§ Your task: Return the full listing below, unchanged.
════════════════
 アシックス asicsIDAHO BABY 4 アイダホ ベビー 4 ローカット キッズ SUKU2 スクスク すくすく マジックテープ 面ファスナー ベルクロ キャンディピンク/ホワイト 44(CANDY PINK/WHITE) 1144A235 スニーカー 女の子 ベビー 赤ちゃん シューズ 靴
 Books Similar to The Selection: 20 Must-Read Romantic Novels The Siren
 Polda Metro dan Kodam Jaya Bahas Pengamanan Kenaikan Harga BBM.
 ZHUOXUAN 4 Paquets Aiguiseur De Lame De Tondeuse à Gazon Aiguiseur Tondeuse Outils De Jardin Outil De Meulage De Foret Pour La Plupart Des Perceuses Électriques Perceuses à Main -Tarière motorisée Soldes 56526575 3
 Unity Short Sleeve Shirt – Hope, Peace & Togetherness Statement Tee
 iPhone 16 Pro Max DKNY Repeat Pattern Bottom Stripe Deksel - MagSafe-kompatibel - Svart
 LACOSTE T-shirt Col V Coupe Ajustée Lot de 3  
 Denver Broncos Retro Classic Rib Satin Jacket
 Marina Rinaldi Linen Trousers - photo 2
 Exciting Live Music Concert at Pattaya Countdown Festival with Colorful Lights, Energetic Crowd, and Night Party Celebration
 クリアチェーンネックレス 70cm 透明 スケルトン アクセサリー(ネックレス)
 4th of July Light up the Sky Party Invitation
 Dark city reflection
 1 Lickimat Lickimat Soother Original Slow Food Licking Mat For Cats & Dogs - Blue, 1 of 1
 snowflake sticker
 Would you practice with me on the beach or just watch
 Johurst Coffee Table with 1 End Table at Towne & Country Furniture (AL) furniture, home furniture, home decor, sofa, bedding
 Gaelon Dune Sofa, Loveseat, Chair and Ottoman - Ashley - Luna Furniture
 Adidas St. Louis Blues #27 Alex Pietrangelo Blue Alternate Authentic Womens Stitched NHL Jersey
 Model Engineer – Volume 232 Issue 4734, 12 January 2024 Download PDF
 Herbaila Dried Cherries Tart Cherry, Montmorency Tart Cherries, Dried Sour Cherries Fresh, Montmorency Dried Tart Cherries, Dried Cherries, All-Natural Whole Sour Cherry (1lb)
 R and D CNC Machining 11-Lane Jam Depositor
════════════════
§ Solution to the problem:
 アシックス asicsIDAHO BABY 4 アイダホ ベビー 4 ローカット キッズ SUKU2 スクスク すくすく マジックテープ 面ファスナー ベルクロ キャンディピンク/ホワイト 44(CANDY PINK/WHITE) 1144A235 スニーカー 女の子 ベビー 赤ちゃん シューズ 靴
 Books Similar to The Selection: 20 Must-Read Romantic Novels The Siren
 Polda Metro dan Kodam Jaya Bahas Pengamanan Kenaikan Harga BBM.
 ZHUOXUAN 4 Paquets Aiguiseur De Lame De Tondeuse à Gazon Aiguiseur Tondeuse Outils De Jardin Outil De Meulage De Foret Pour La Plupart Des Perceuses Électriques Perceuses à Main -Tarière motorisée Soldes 56526575 3
 Unity Short Sleeve Shirt – Hope, Peace & Togetherness Statement Tee
 iPhone 16 Pro Max DKNY Repeat Pattern Bottom Stripe Deksel - MagSafe-kompatibel - Svart
 LACOSTE T-shirt Col V Coupe Ajustée Lot de 3  
 Denver Broncos Retro Classic Rib Satin Jacket
 Marina Rinaldi Linen Trousers - photo 2
 Exciting Live Music Concert at Pattaya Countdown Festival with Colorful Lights, Energetic Crowd, and Night Party Celebration
 クリアチェーンネックレス 70cm 透明 スケルトン アクセサリー(ネックレス)
 4th of July Light up the Sky Party Invitation
 Dark city reflection
 1 Lickimat Lickimat Soother Original Slow Food Licking Mat For Cats & Dogs - Blue, 1 of 1
 snowflake sticker
 Would you practice with me on the beach or just watch
 Johurst Coffee Table with 1 End Table at Towne & Country Furniture (AL) furniture, home furniture, home decor, sofa, bedding
 Gaelon Dune Sofa, Loveseat, Chair and Ottoman - Ashley - Luna Furniture
 Adidas St. Louis Blues #27 Alex Pietrangelo Blue Alternate Authentic Womens Stitched NHL Jersey
 Model Engineer – Volume 232 Issue 4734, 12 January 2024 Download PDF
 Herbaila Dried Cherries Tart Cherry, Montmorency Tart Cherries, Dried Sour Cherries Fresh, Montmorency Dried Tart Cherries, Dried Cherries, All-Natural Whole Sour Cherry (1lb)
 R and D CNC Machining 11-Lane Jam Depositor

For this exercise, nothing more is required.